======== Recorded data ========

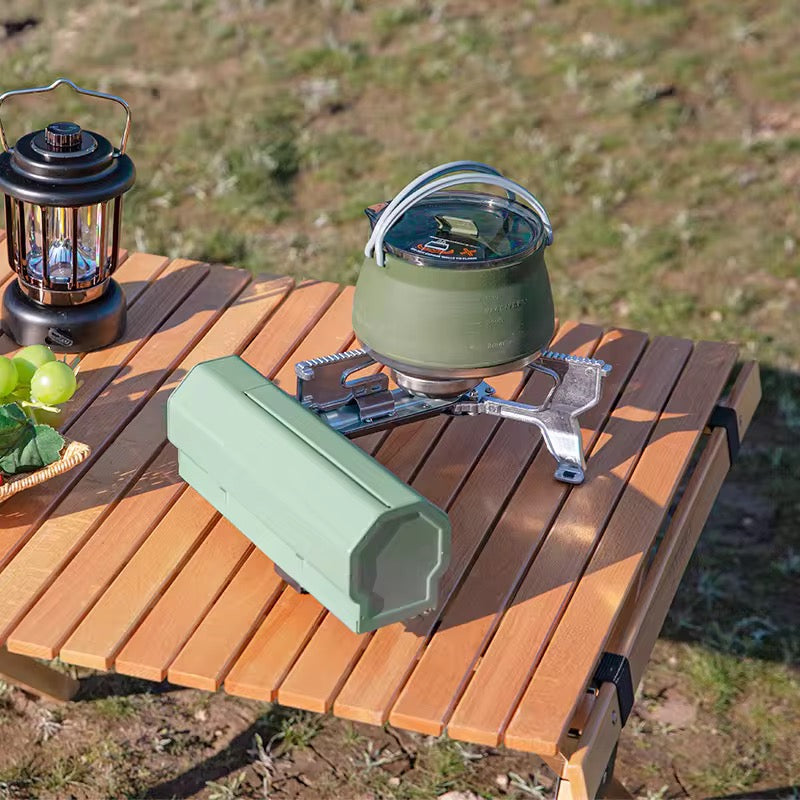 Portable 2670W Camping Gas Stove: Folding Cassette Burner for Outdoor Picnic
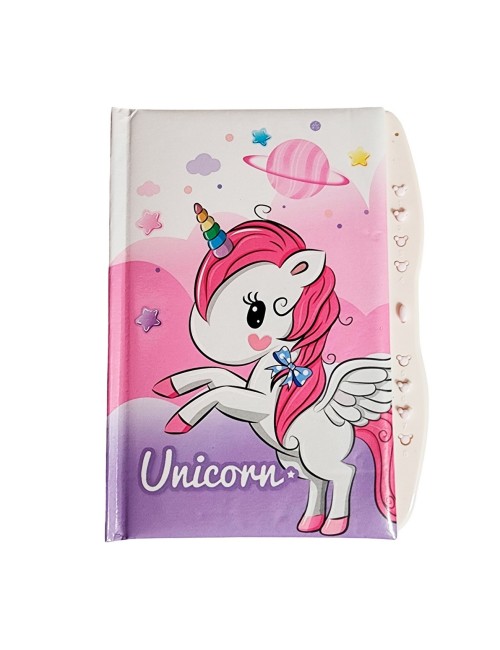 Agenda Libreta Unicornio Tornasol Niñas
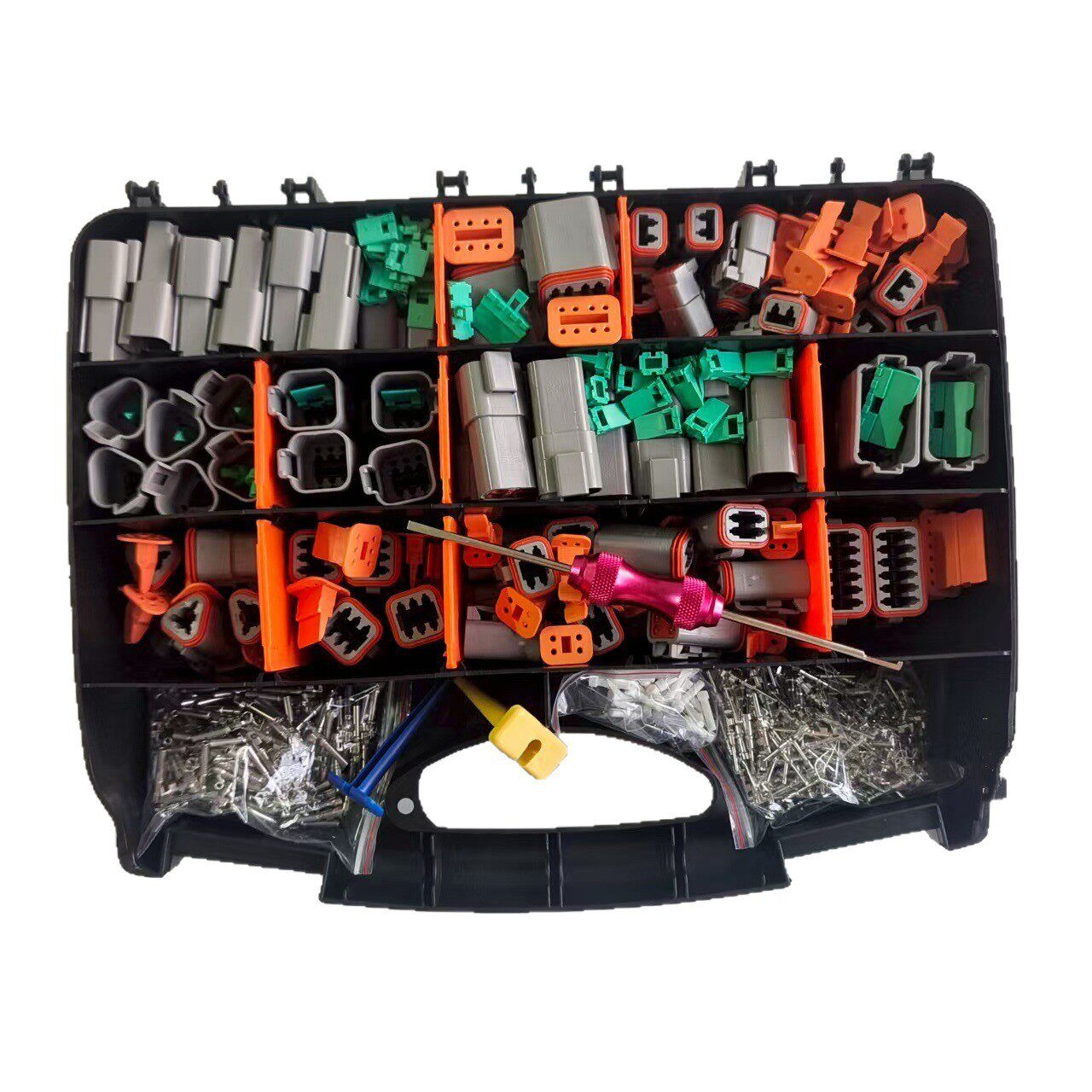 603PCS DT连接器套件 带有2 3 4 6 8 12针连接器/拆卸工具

========

Exercise instructions
The response should restate the material above word for word and contain no pictures.

Solution
 Portable 2670W Camping Gas Stove: Folding Cassette Burner for Outdoor Picnic
 Agenda Libreta Unicornio Tornasol Niñas
 603PCS DT连接器套件 带有2 3 4 6 8 12针连接器/拆卸工具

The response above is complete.